# Diferencia Vca y Vcc



## emaaw (Oct 11, 2009)

Y ase que es muy tonto pero busque en google y nada...

Mi problema esta en que quiero calcular el transformadorr de mi amplificador y fogonazo salta de 65 Vca a 90 Vcc y no entiendo de donde salio el 90 Vcc!!

Gracias por u tiempo

Emaa


----------



## elosciloscopio (Oct 11, 2009)

Vcc es corriente continua, y vca es corriente alterna (la polaridad cambia constantemente)


----------



## Eduardo (Oct 11, 2009)

emaaw dijo:


> Mi problema esta en que quiero calcular el transformadorr de mi amplificador y fogonazo salta de 65 Vca a 90 Vcc y no entiendo de donde salio el 90 Vcc!!
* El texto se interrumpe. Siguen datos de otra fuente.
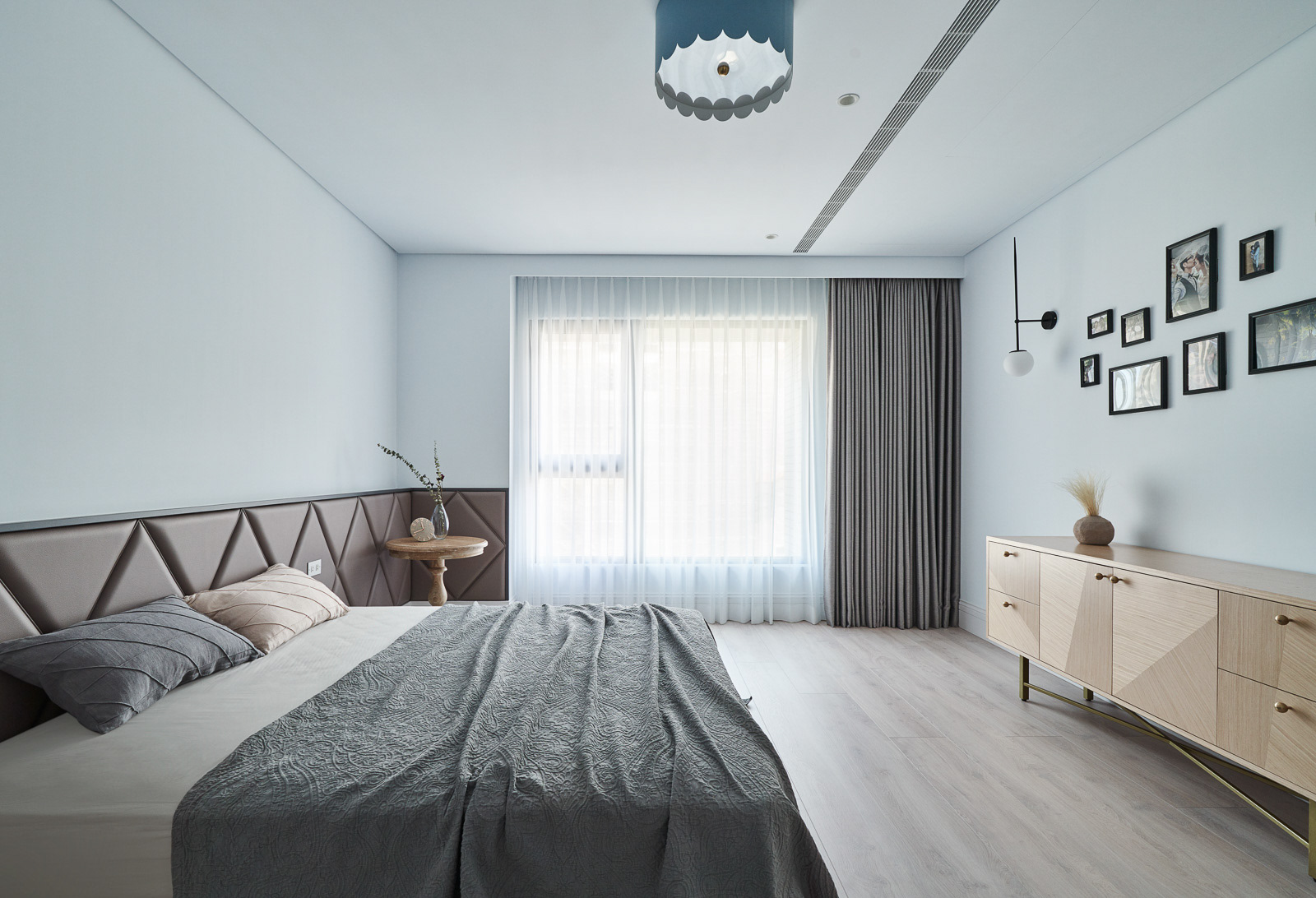 好室设计 蓝白配色，打造清爽舒适的住宅-12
Esos 65Vca del transformador (que es lo que medirias con un tester) son la tension eficaz (o  rms) , *no es* el maximo valor instantaneo que alcanza la tension.
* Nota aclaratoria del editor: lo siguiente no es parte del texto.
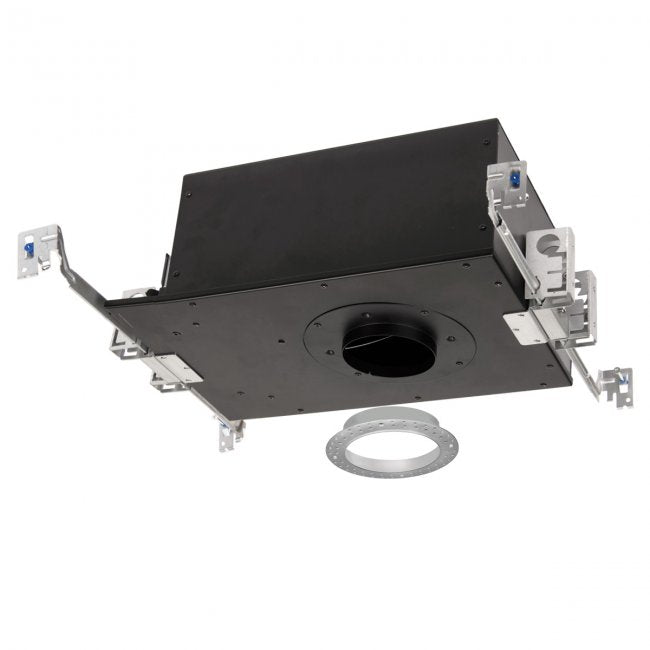 Wac Lighting R2RCL-22  Volta Recessed Light Black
El maximo valor instantaneo que alcanza una senoide de 65Vca son justamente 90V.


----------



## nogueda (Oct 11, 2009)

ok...

algo extraño, ya que CA (corriente alterna) es muy diferente a CC (corriente continua), por lo que un voltage de 90VCC, estaria quemando los cables, a menos que sean muy gruesos....saludos..


----------